Start of Block

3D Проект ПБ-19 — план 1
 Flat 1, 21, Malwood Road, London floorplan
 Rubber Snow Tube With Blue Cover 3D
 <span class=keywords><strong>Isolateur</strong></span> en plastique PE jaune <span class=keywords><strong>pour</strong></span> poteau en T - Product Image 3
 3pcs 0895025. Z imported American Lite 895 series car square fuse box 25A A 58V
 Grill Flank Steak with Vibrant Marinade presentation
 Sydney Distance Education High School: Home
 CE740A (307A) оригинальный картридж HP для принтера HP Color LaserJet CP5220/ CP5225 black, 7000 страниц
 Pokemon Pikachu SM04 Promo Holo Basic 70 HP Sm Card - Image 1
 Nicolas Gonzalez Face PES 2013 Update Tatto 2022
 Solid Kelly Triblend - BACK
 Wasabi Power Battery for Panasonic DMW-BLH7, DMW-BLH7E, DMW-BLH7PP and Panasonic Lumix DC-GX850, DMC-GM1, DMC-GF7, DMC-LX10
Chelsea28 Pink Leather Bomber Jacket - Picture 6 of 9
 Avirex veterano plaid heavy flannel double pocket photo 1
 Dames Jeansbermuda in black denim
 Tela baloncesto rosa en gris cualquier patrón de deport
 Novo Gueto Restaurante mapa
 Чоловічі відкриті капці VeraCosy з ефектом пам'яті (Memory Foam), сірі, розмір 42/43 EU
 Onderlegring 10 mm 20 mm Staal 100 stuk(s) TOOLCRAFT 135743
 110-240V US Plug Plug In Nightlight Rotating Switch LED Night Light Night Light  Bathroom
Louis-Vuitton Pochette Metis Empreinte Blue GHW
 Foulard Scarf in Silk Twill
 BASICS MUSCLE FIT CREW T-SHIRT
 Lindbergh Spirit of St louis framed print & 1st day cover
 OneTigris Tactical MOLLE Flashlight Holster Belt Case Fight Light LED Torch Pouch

End of Block

ACTIVITY: Give the number of lines in the listing above that contain "black", and nothing else.

OUTPUT BELOW: 2